*What to produce*
No picture should appear in the copy. Transcribe exactly, and only, the lines from the one with "ТҮНГІ 3:00 ДЕ" through the last line of the data below.

*Information supplied*
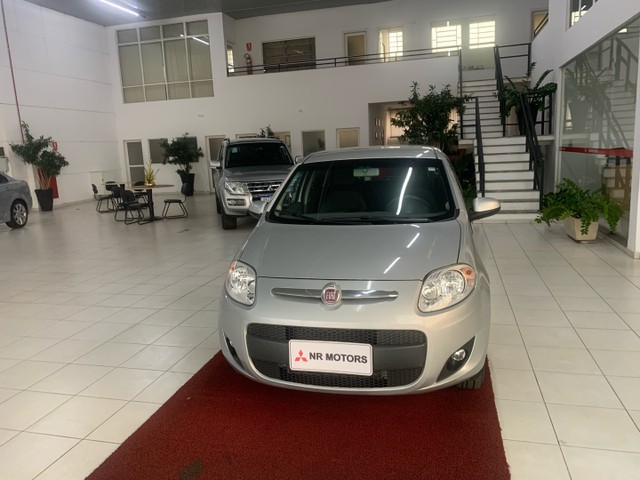 FIAT PALIO ATTRACTIVE 1.0 8V FLEX PRATA 2013/2014 MECÂNICO COMPLETO KM-35324 R$37.000,00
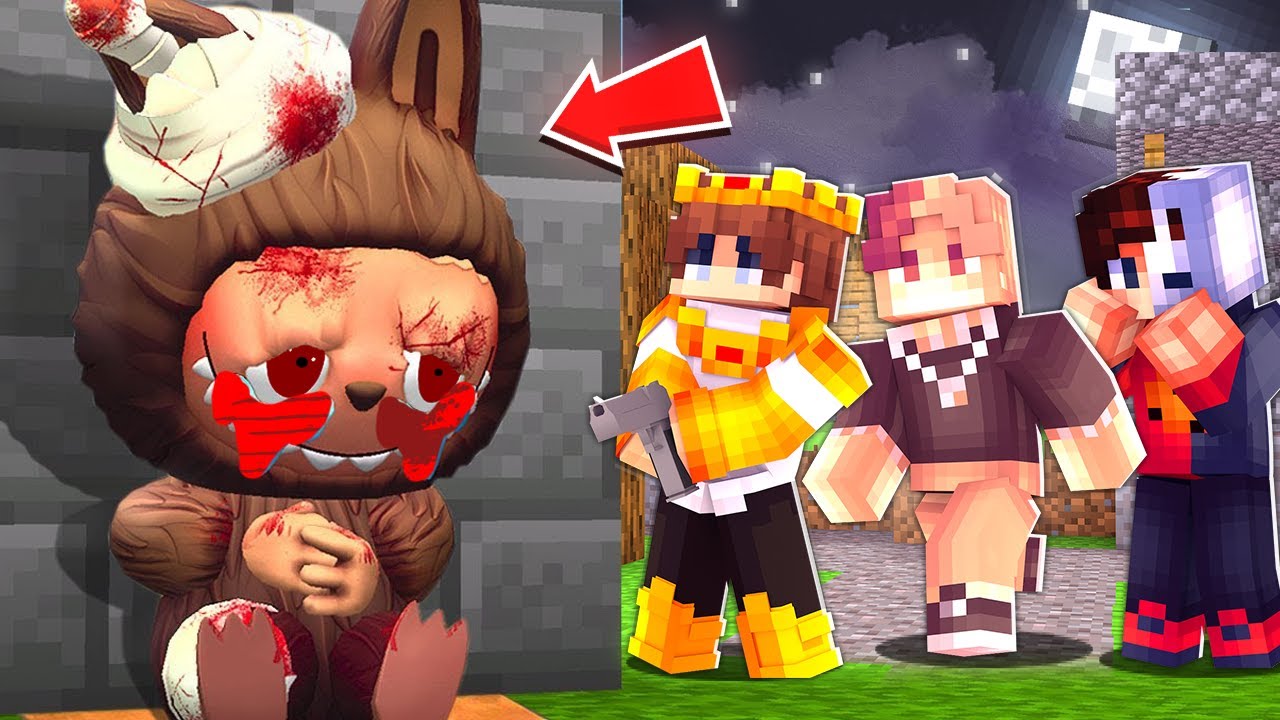 ТҮНГІ 3:00 ДЕ ЗҰЛЫМ ЛАБУБУ МЕНІ ӨЛТІРМЕКШІ! қазақша майнкрафт казакша космо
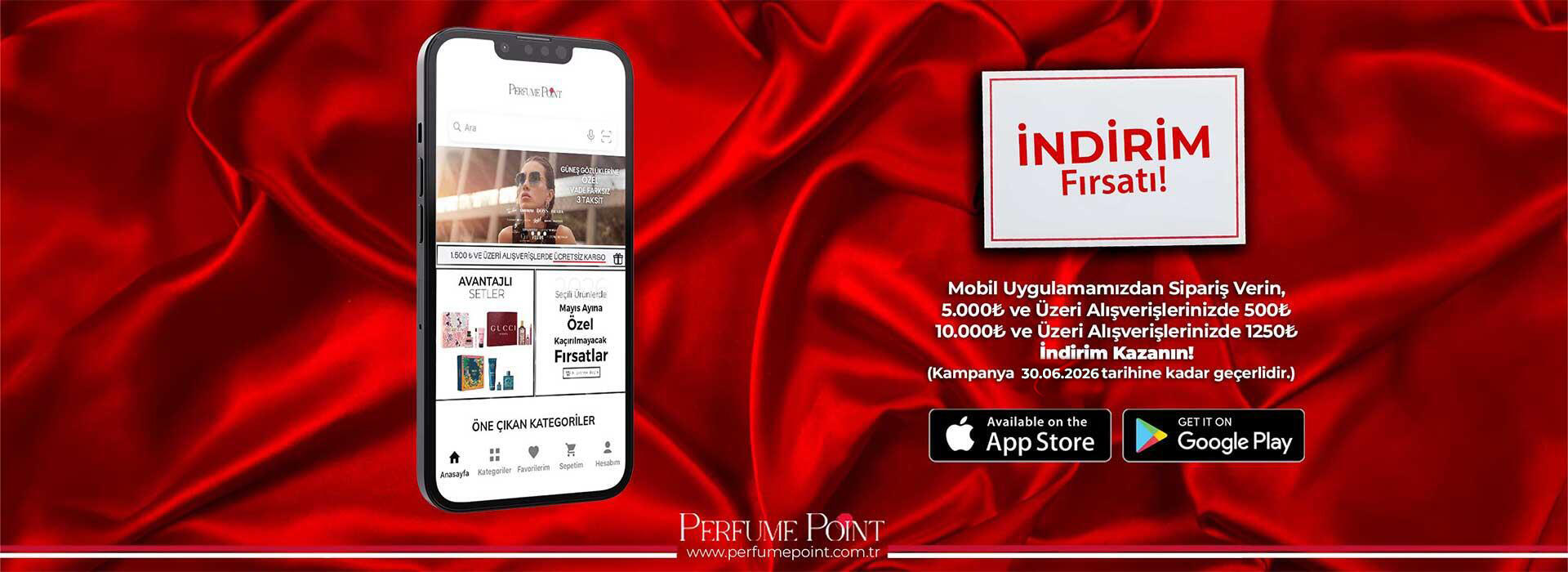 Mobil App İndirimi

*Output for this task*
 ТҮНГІ 3:00 ДЕ ЗҰЛЫМ ЛАБУБУ МЕНІ ӨЛТІРМЕКШІ! қазақша майнкрафт казакша космо
 Mobil App İndirimi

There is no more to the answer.